Start of Data shown

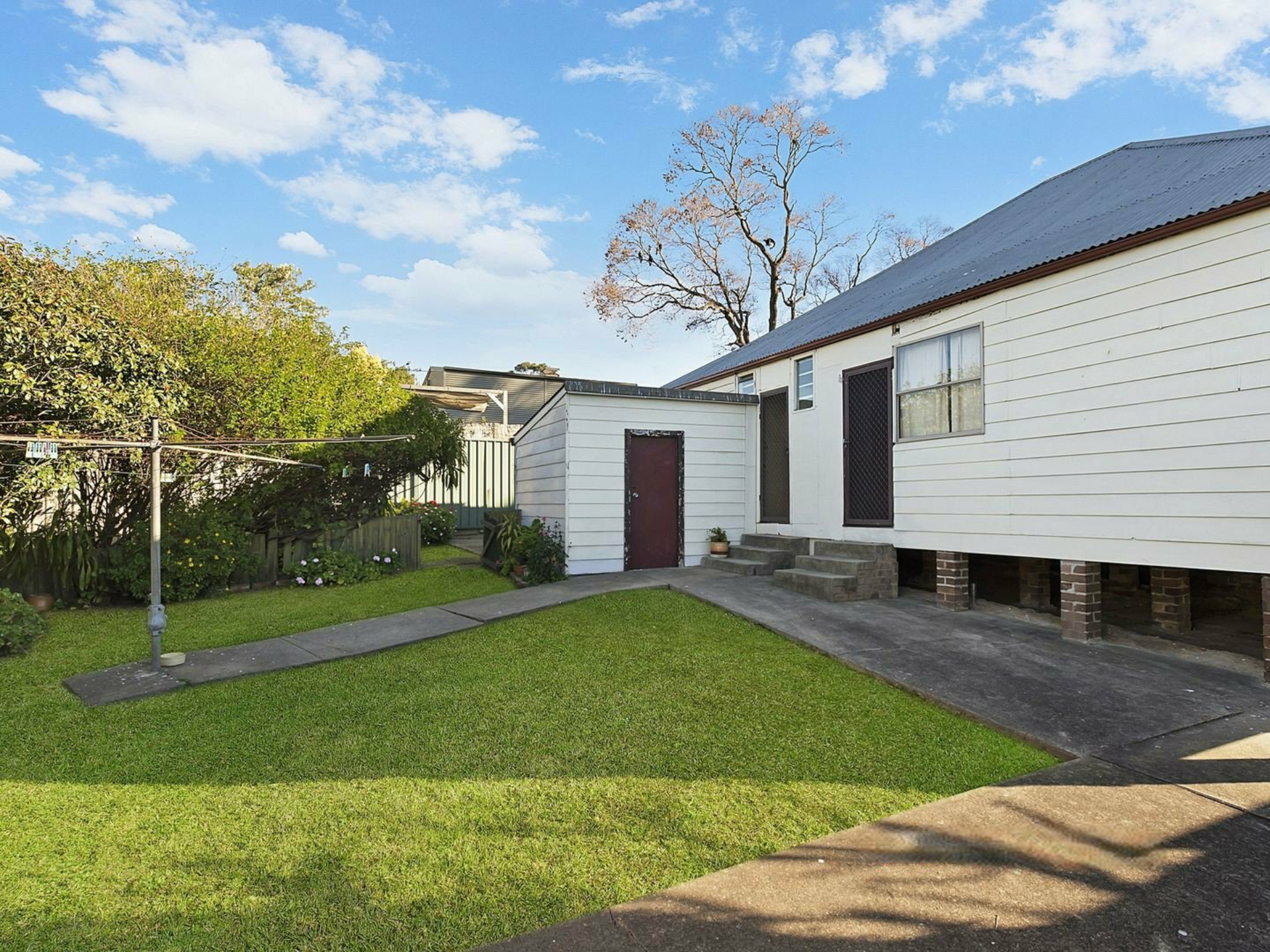 101 Binalong Road — photo 3 of 4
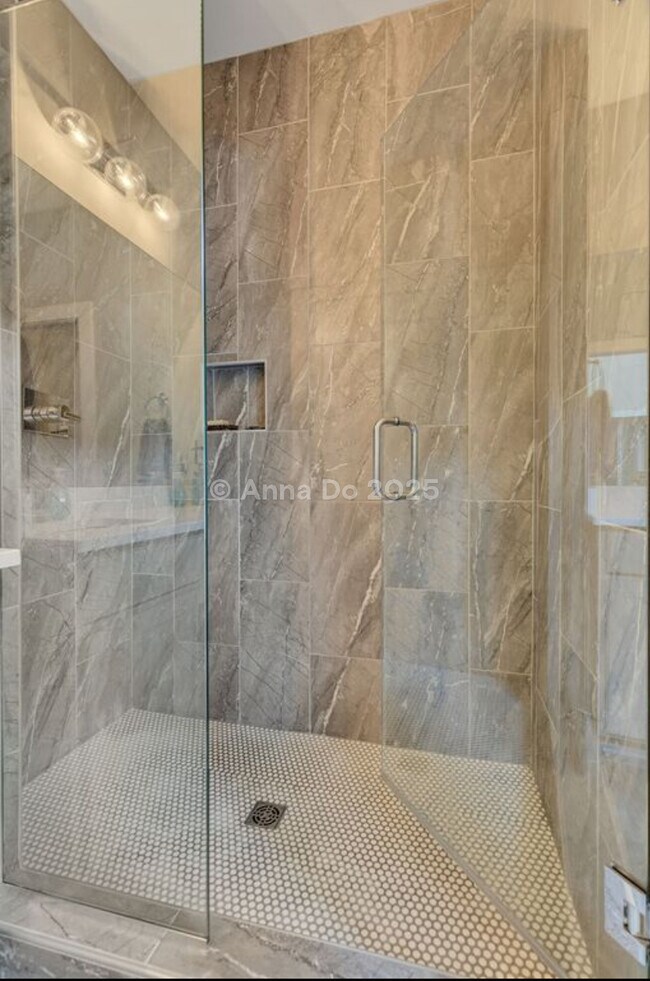 Building Photo - 809 21st Ave N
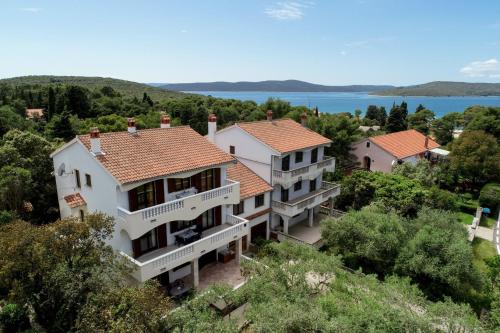 een luchtzicht op een huis met uitzicht op het water bij Apartments Mrva in Ugljan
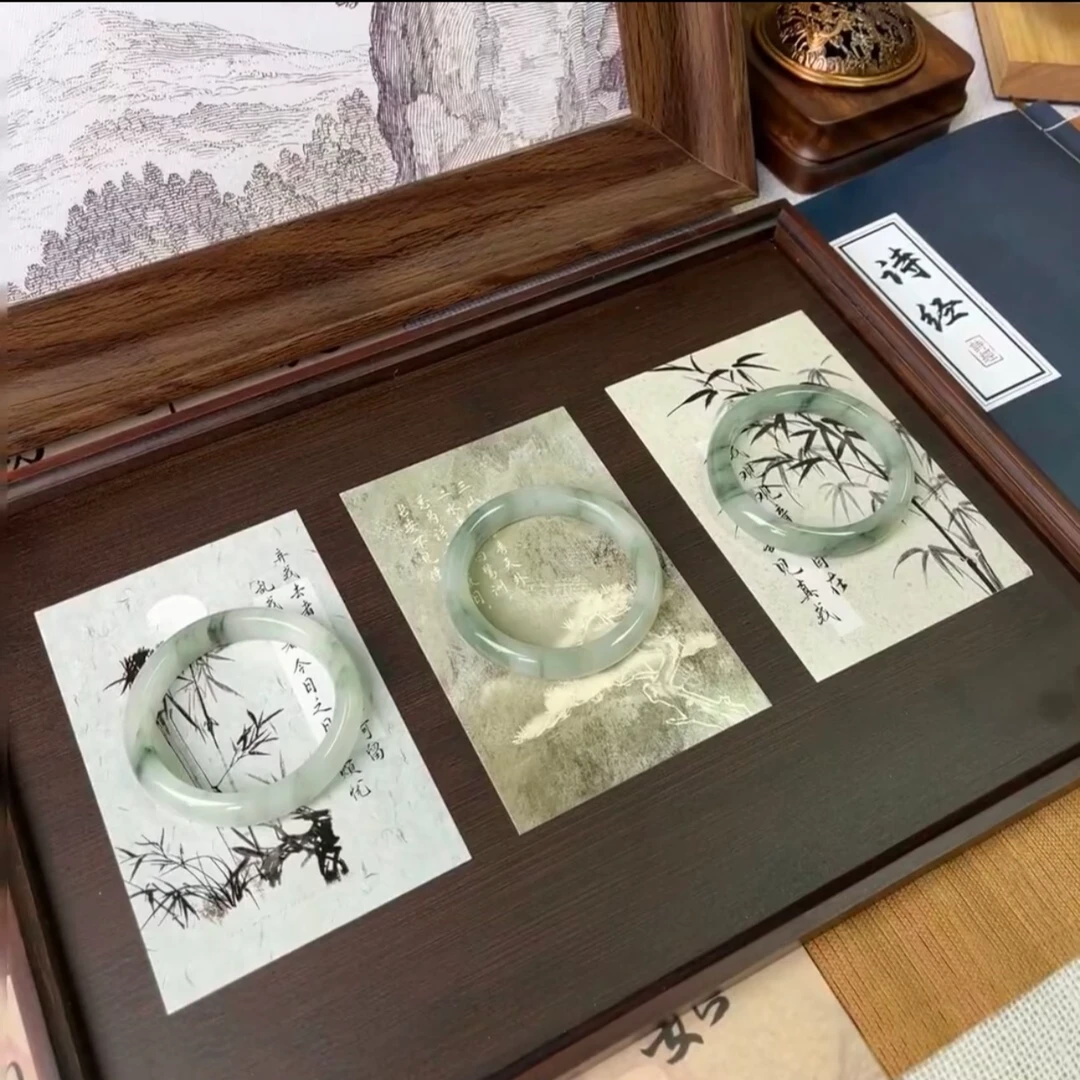 天山翠手镯石英质玉【轻微色差，实物为准】0113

End of Data shown

Brief
Please reproduce, exactly and only, the lines from the line containing "een luchtzicht op" through the last line of the material above, minus any pictures.

Solution to this task
 een luchtzicht op een huis met uitzicht op het water bij Apartments Mrva in Ugljan
 天山翠手镯石英质玉【轻微色差，实物为准】0113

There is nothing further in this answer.